The CFPB also has proposed higher price thresholds for smaller loans that the bureau said are particularly important for manufactured housing and minority consumers.

But some experts agree with Pinto that the CFPB’s proposal to base the rule on a pricing cap would harm some minority borrowers, particularly during a financial downturn.

“It is likely to heighten the probability of a bubble and bust and we know from experience that bubbles and busts tend to affect marginal homebuyers more,” Wachter said.

The GSE patch is supposed to end in January 2021 or when Fannie and Freddie exit conservatorship, whichever comes first. (Other government-backed loans such as those insured by the Federal Housing Administration have a similar exemption.)

Kraninger has promised a smooth transition for the mortgage market by having the GSE patch expire on the date that a final QM rule goes into effect.

Pinto filed the complaint under a 1994 executive order designed to ensure that government programs and activities related to housing and urban development are administered in a manner that affirmatively furthers the goal of fair housing as required by the Fair Housing Act.

He said Kraninger is required to send the complaint to HUD, which could refer it to the Justice Department.

The CFPB declined to comment.

The mortgage market is on a tear this year and few lenders expect the CFPB’s proposal to upend that direction.
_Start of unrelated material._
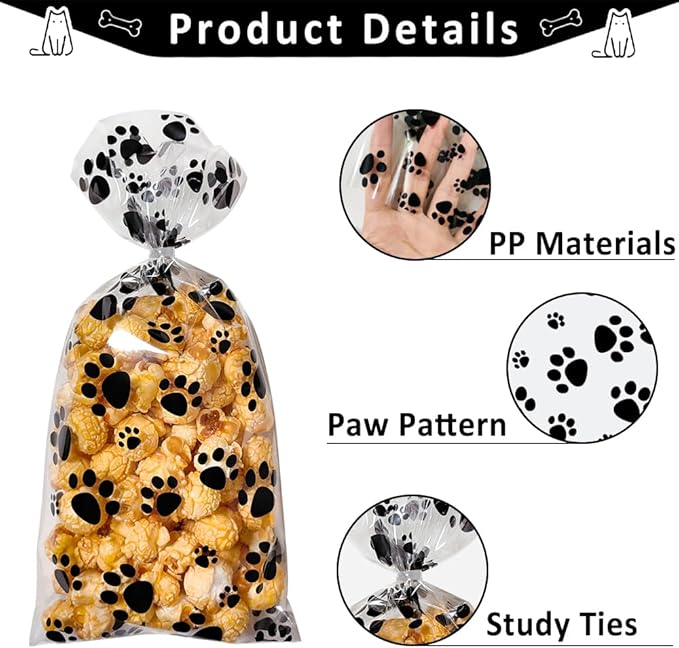 Dog Cellophane Treat Bags, 100PCS Plastic Paw Goodie Bags with Ties for Candy Cookie Gifts, 5x11 Inch Clear Gift Bag for Baby Shower Pet Puppy Birthday Party Decorations Favors Supplies Wrapping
Low interest rates have sparked a huge refinance boom, while the coronavirus pandemic has prompted many homebuyers to move to less crowded communities and homes with more space.
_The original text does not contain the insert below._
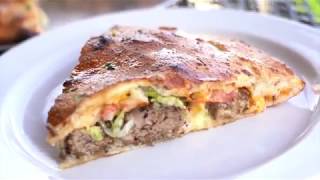 Zoli's NY Pizza's Stuffed Double Cheeseburger Pizza - The McDowell!! Dallas, TX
While Pinto may be one of the few voices against the QM proposal, he sees further trouble ahead.

“If you want to know why minorities and low-income families are unable to build wealth, it’s because they tend to be the last ones to get in the market, then house prices peak and collapse, and they get pushed out, and it takes years for them to come back and they start the roller-coaster cycle all over again,” he said.